(Beginning of EXTRACTED INFORMATION)

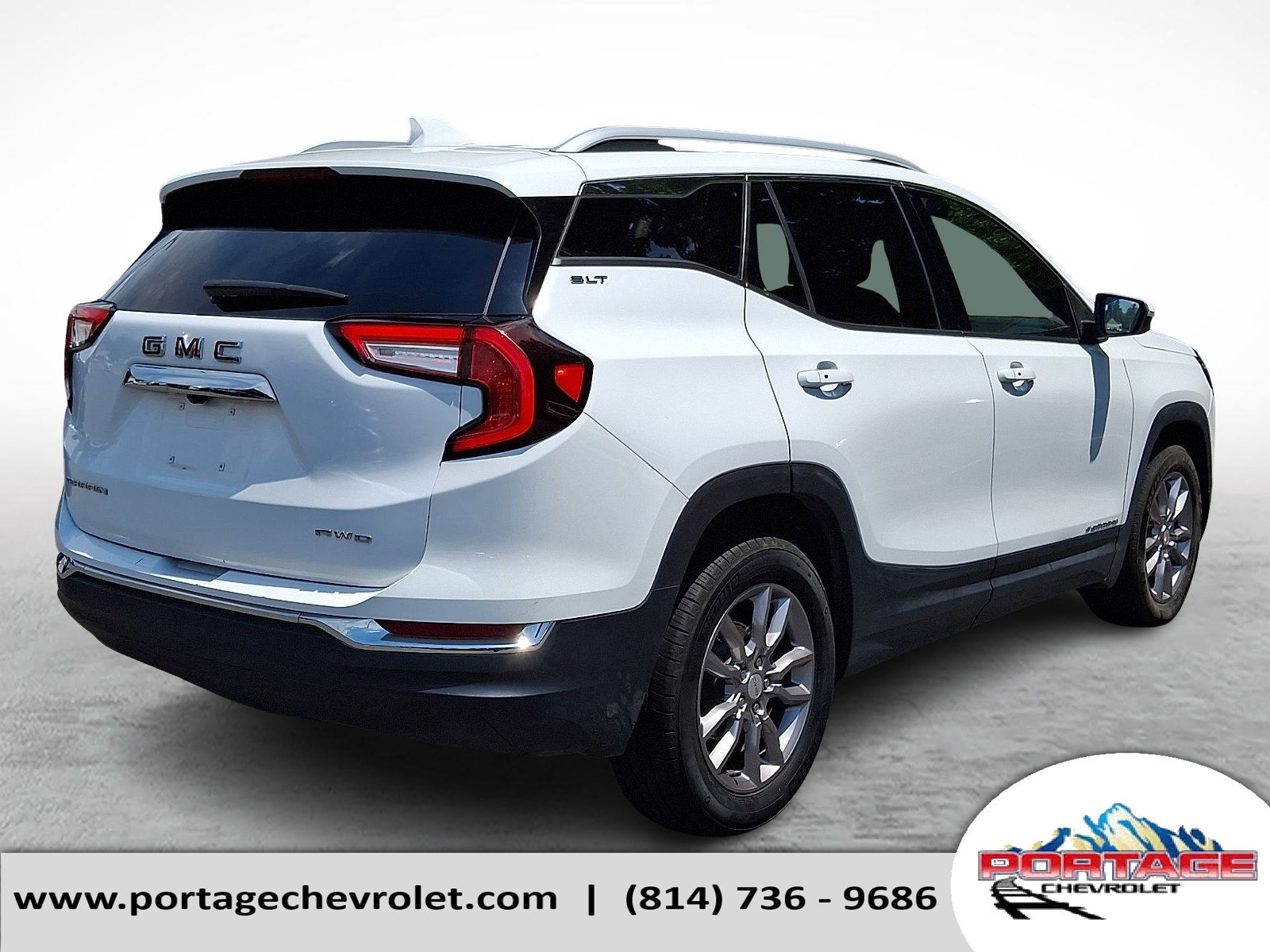Used 2024 GMC Terrain SLT AWD/4WD image 7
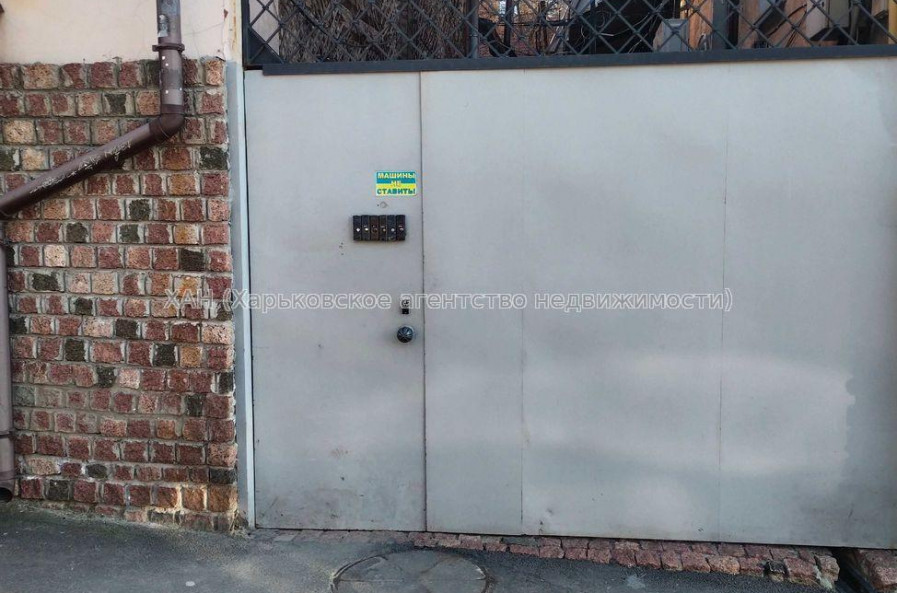 Продам квартиру, Рымарская ул. , 1  ком., 49 м², без ремонта 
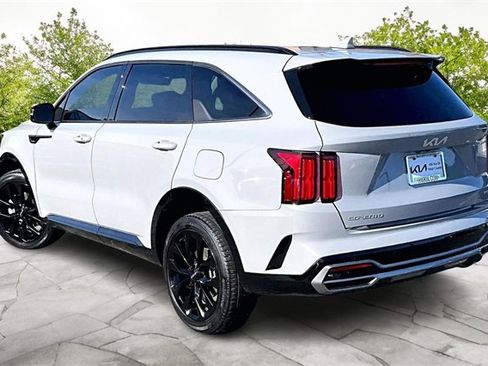 Used 2023 Kia Sorento SX image 12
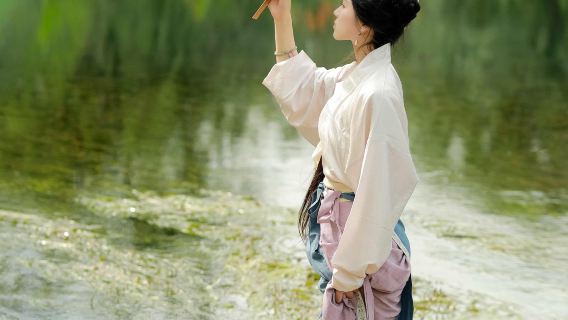 Deqing travel photo shoot[Mogan Mountain/Xinshi Ancient Town photography services including companion photography, aerial photography, and multilingual translation photographer guide]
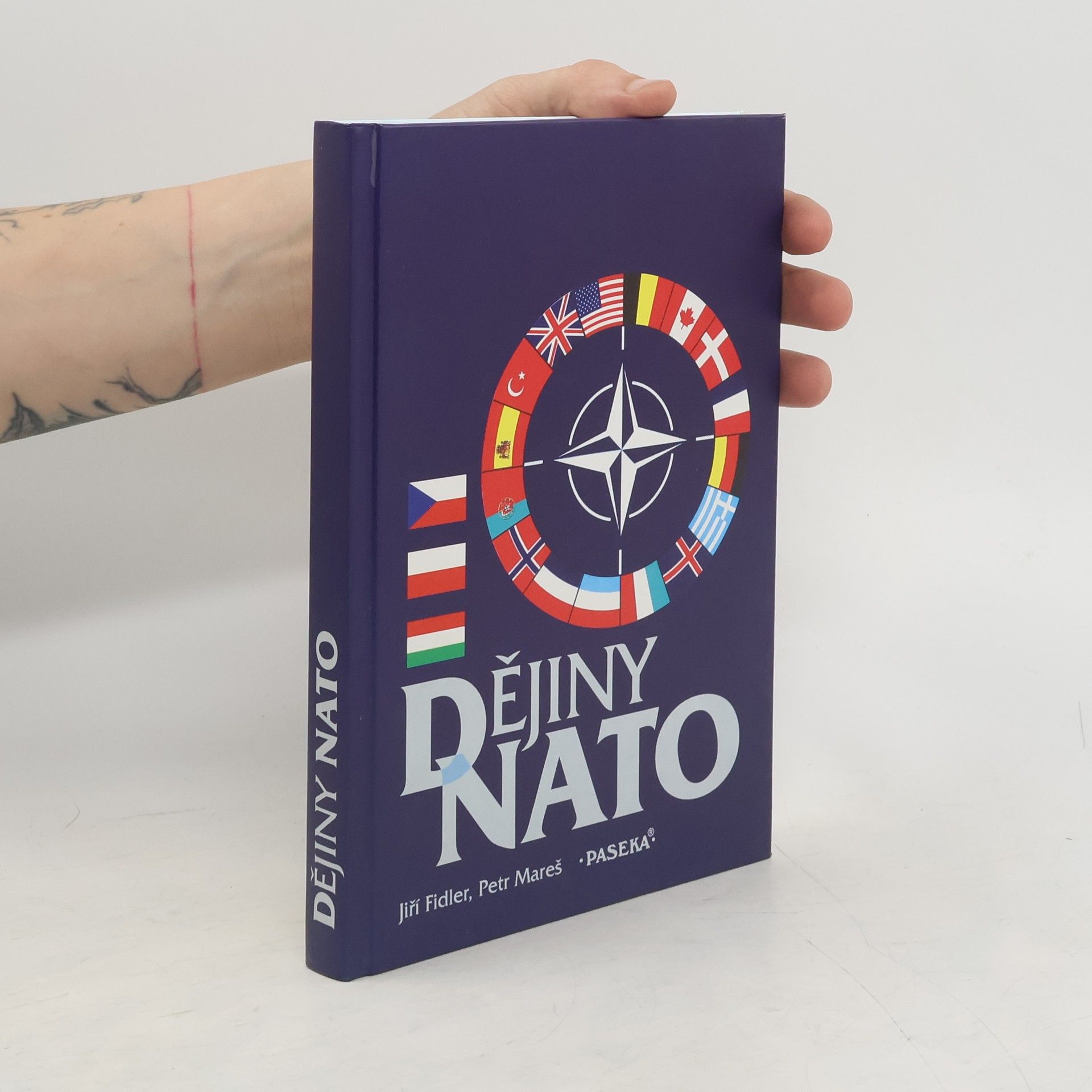 Jiří Fidler Dějiny NATO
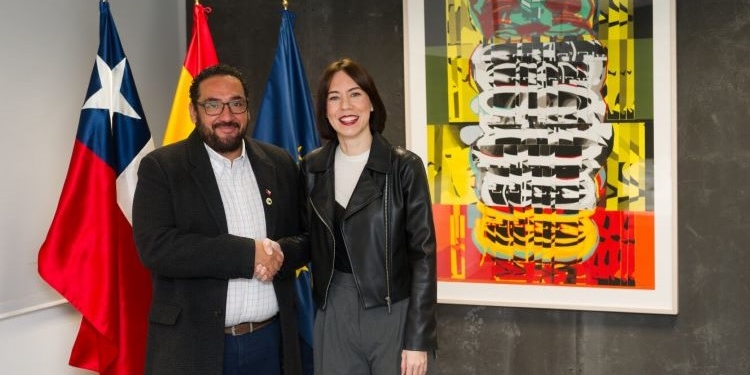 España y Chile firman un acuerdo de cooperación en educación superior universitaria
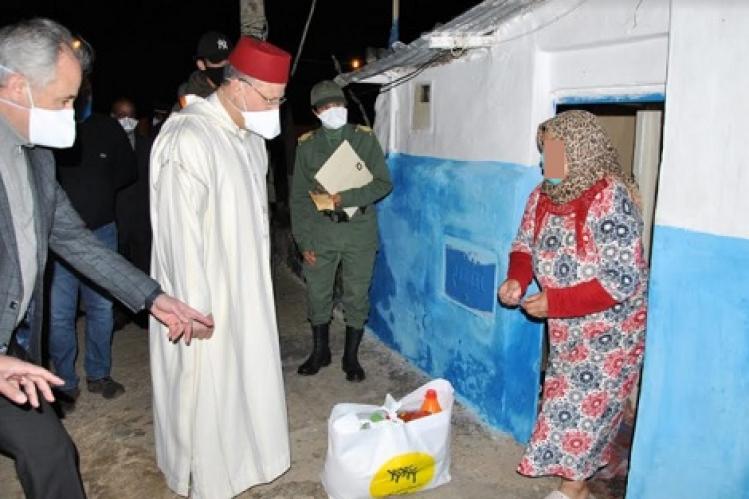 عامل العرائش يعطي انطلاقة عملية الدعم الغذائي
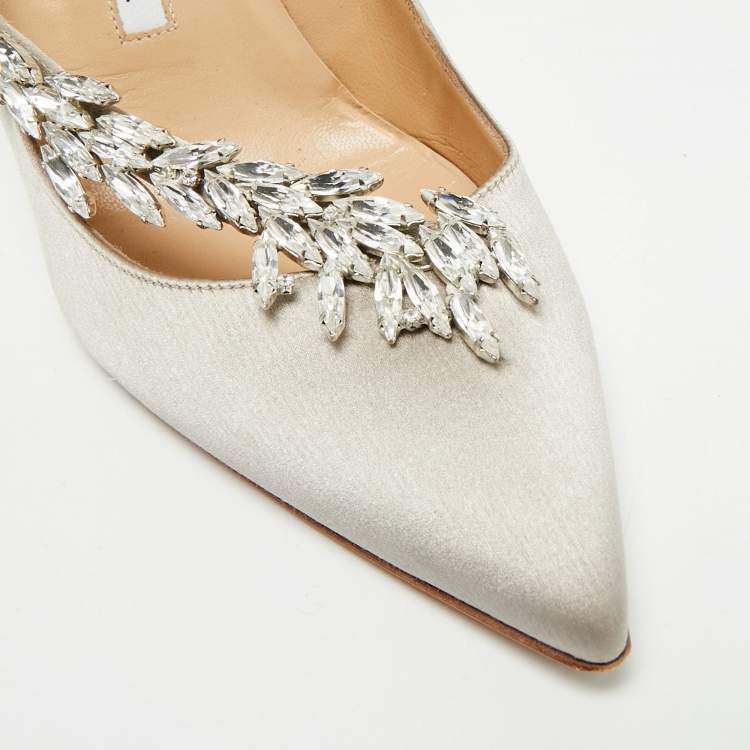 Pre Owned Manolo Blahnik Nadira Size 38.5 Light Grey Satin Jewel Embellished Pointed Toe Pumps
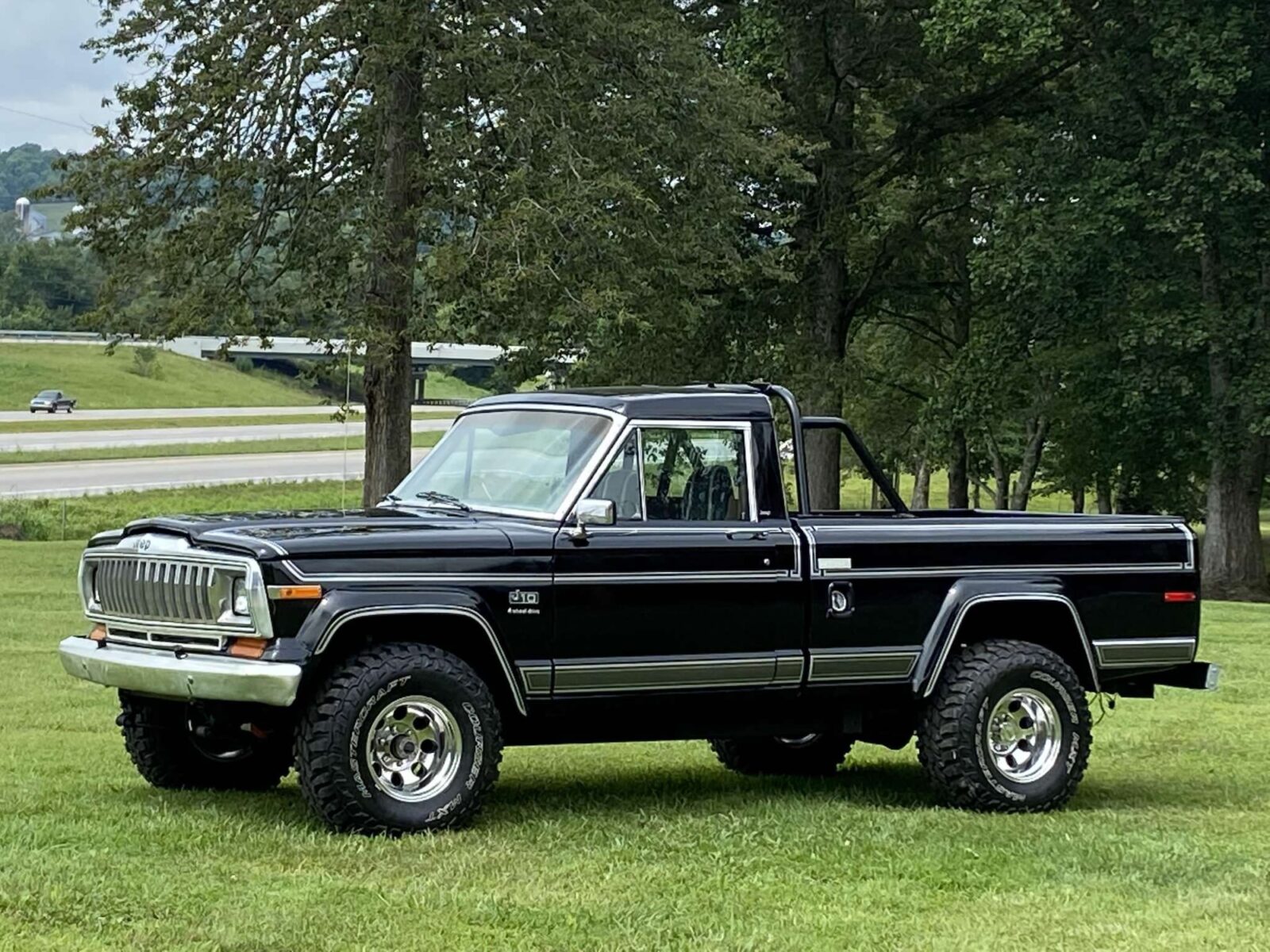 For Sale: A 1982 Jeep J10 Laredo Pickup 360 4×4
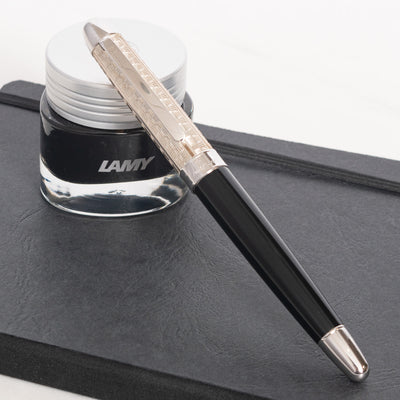 Waldmann Precieux Black & Silver Fountain Pen capped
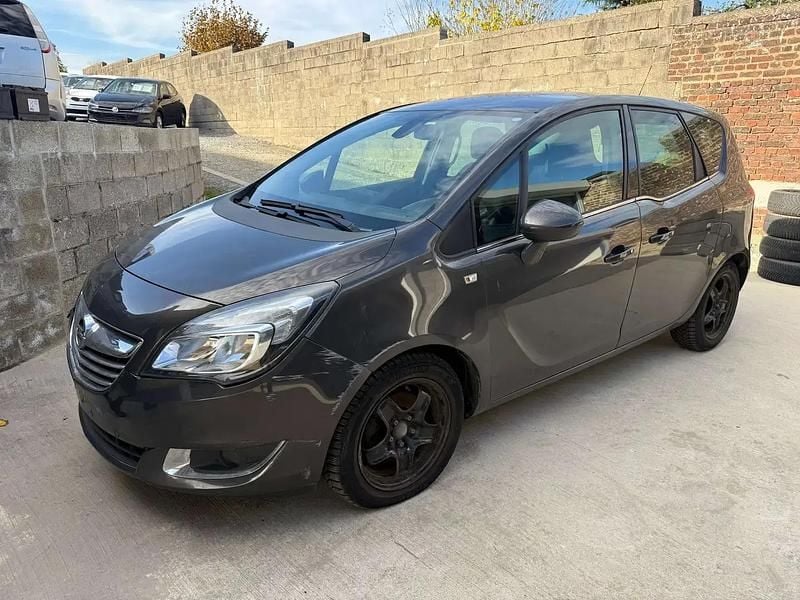 Argent Utilisé 2016 Opel Meriva Monospace | 3 500 € - Image 1/4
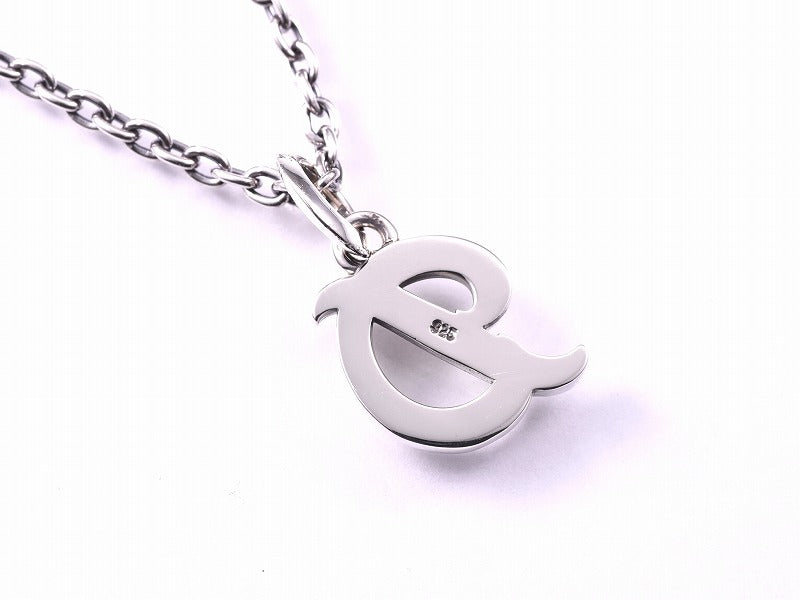 グレイスイニシャルペンダント "D"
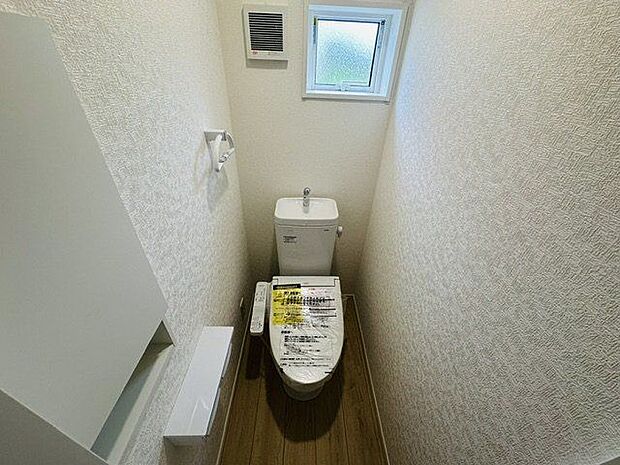 【トイレ/1階】年間を通して快適にご利用いただける、温水洗浄便座付きのトイレです。トイレは各階に配置されています。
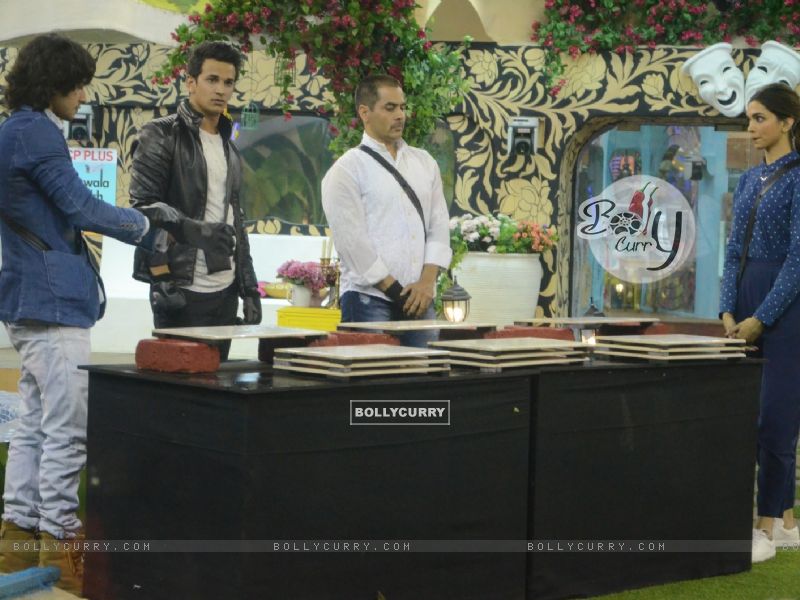 Men Of The Bigg Boss 9 House Try To Woo Deepika Padukone - Bollycurry - HD Wallpaper 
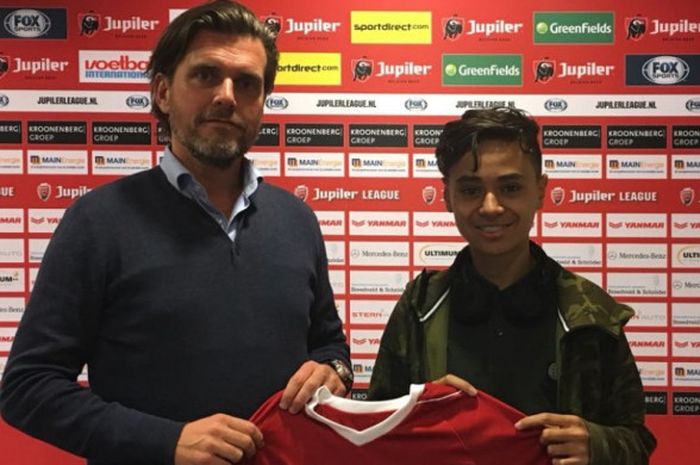 Atlet eSports pertama milik Almere City, Tjardo Paliama (kanan), bersama General Manager klub, John Bes.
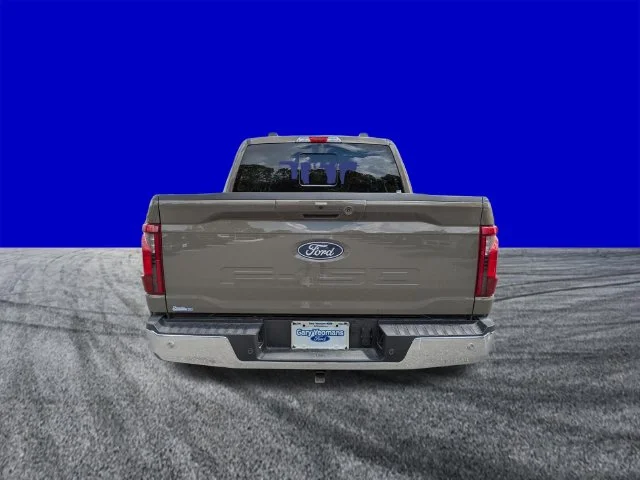 New 2026 Marsh Gray Ford XLT image 5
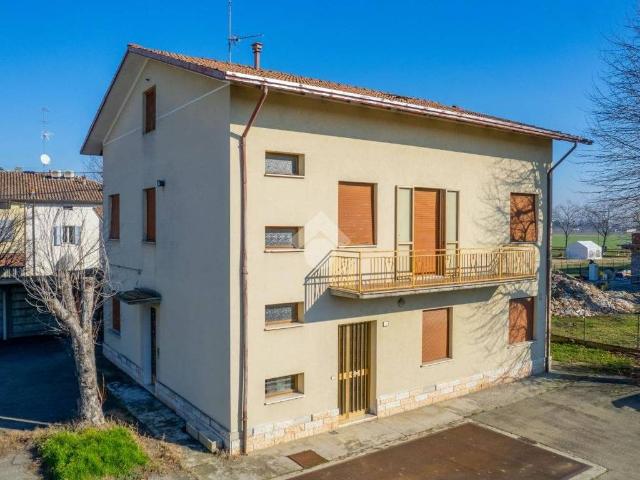 Casa indipendente in vendita a Rubiera RE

(End of EXTRACTED INFORMATION)

Repeat the material verbatim but without any of its pictures.

● THE COMPLETED TASK
Used 2024 GMC Terrain SLT AWD/4WD image 7
 Продам квартиру, Рымарская ул. , 1  ком., 49 м², без ремонта 
 Used 2023 Kia Sorento SX image 12
 Deqing travel photo shoot[Mogan Mountain/Xinshi Ancient Town photography services including companion photography, aerial photography, and multilingual translation photographer guide]
 Jiří Fidler Dějiny NATO
 España y Chile firman un acuerdo de cooperación en educación superior universitaria
 عامل العرائش يعطي انطلاقة عملية الدعم الغذائي
 Pre Owned Manolo Blahnik Nadira Size 38.5 Light Grey Satin Jewel Embellished Pointed Toe Pumps
 For Sale: A 1982 Jeep J10 Laredo Pickup 360 4×4
 Waldmann Precieux Black & Silver Fountain Pen capped
 Argent Utilisé 2016 Opel Meriva Monospace | 3 500 € - Image 1/4
 グレイスイニシャルペンダント "D"
 【トイレ/1階】年間を通して快適にご利用いただける、温水洗浄便座付きのトイレです。トイレは各階に配置されています。
 Men Of The Bigg Boss 9 House Try To Woo Deepika Padukone - Bollycurry - HD Wallpaper 
 Atlet eSports pertama milik Almere City, Tjardo Paliama (kanan), bersama General Manager klub, John Bes.
 New 2026 Marsh Gray Ford XLT image 5
 Casa indipendente in vendita a Rubiera RE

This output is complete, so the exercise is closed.